O ex-presidente Jair Bolsonaro (PL) pretende manter a ex-primeira-dama Michelle Bolsonaro na disputa pelo Senado do Distrito Federal, mesmo com o atrito familiar envolvendo o filho mais velho, o senador e pré-candidato do PL à Presidência, Flávio Bolsonaro (RJ).
Segundo apurações da CNN, Michelle chegou a ameaçar, em conversa com o presidente do PL, Valdemar Costa Neto, ficar fora da disputa.
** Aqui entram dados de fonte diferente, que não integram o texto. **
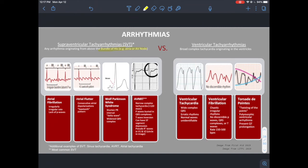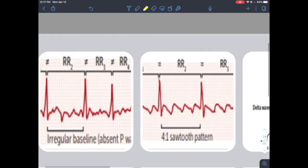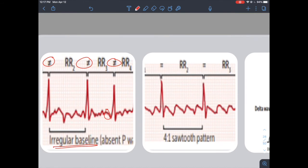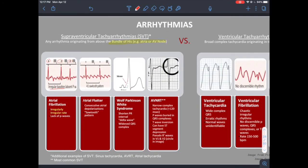Atrial fibrillation: the buzzword is irregularly irregular. The RR distances are not equal and have no pattern. Additionally, you don't see P waves consistently — there may be missing P waves or an unclear baseline. The irregular baseline is a classic feature of AFib. This comes from the pathophysiology of chaotic atrial electrical activity.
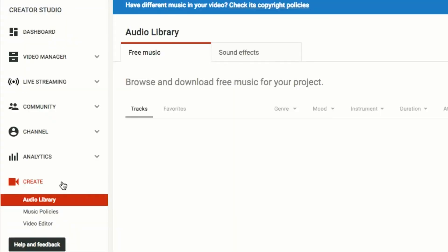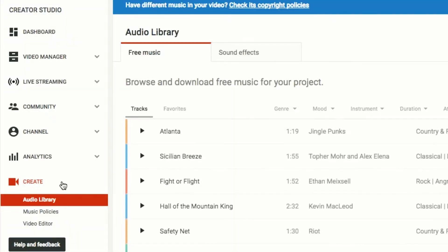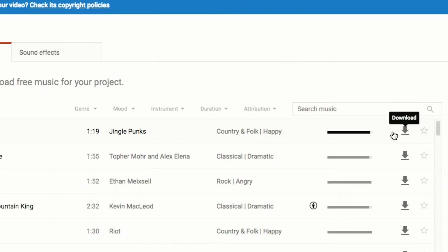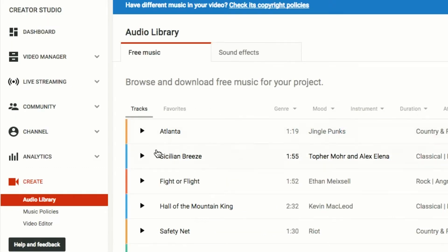It'll lead you to a page with multiple options on the left side, and at the very bottom left you'll see the word Create. Click on Create — it has a video camera icon on it — and it will lead you to an audio library where you can find free music. You can listen to all the music and see which ones you like, and download a song by pressing the right down arrow on the right side. You can preview the song by clicking the sideways triangle.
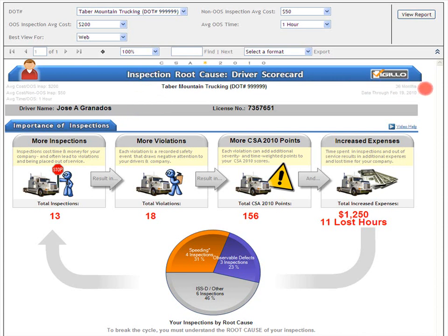For this scorecard, we're looking at 36 months of data through the last monthly SafeStat update. Your scorecard is updated monthly after each SafeStat update. That's exactly how often the FMCSA updates CSA 2010 information for the nine CSA 2010 pilot states. Vigillo customers get an email notice for each update.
Ainda assim, a expectativa é de que ela lance sua candidatura em breve, com anúncio oficial previsto para próximo do dia 25 de julho, data em que o partido realiza sua convenção nacional, em São Paulo, e confirma Flávio como candidato ao Planalto.
Até lá, Michelle deve evitar declarações públicas para não aprofundar o desgaste entre os dois.
Novos ataques
Apesar da cautela, a ex-primeira-dama deve continuar se manifestando sempre que sentir-se alvo de críticas, como ocorreu na semana passada, quando foi atacada por bolsonaristas após elogiar a Política Nacional de Educação Bilíngue de Surdos, programa lançado pelo Ministério da Educação do governo Lula. Na ocasião, Michelle classificou o tema como uma pauta “acima da ideologia”.
Pessoas próximas avaliam que, ao assumir um mandato, a ex-presidente do PL Mulher ganharia novo patamar político e ampliaria sua influência.
Bastidores
Os atritos entre Michelle e o enteado se intensificaram na semana passada, quando ela comunicou a Valdemar Costa Neto sua saída do comando do PL Mulher. A decisão veio após ela divulgar um vídeo em que acusava Flávio de tê-la “maltratado”, “desrespeitado” e “humilhado”, desentendimento motivado por divergências sobre o apoio do partido ao ex-ministro Ciro Gomes (PSDB) no Ceará.
Aliados de Flávio, segundo apurou a CNN, veem risco em uma eventual candidatura de Michelle ao Senado, temendo que o episódio se torne um novo fator de desgaste entre os dois. Há ainda preocupação de que ela use a própria campanha para criticar publicamente o enteado.
Até o momento, Michelle nunca confirmou oficialmente o interesse em concorrer a um cargo público pela primeira vez, mas também nunca descartou a possibilidade.
Questionada sobre o tema, costuma responder que seu futuro político está “nas mãos de Deus” e será decidido ao lado do marido, no momento que considerar oportuno.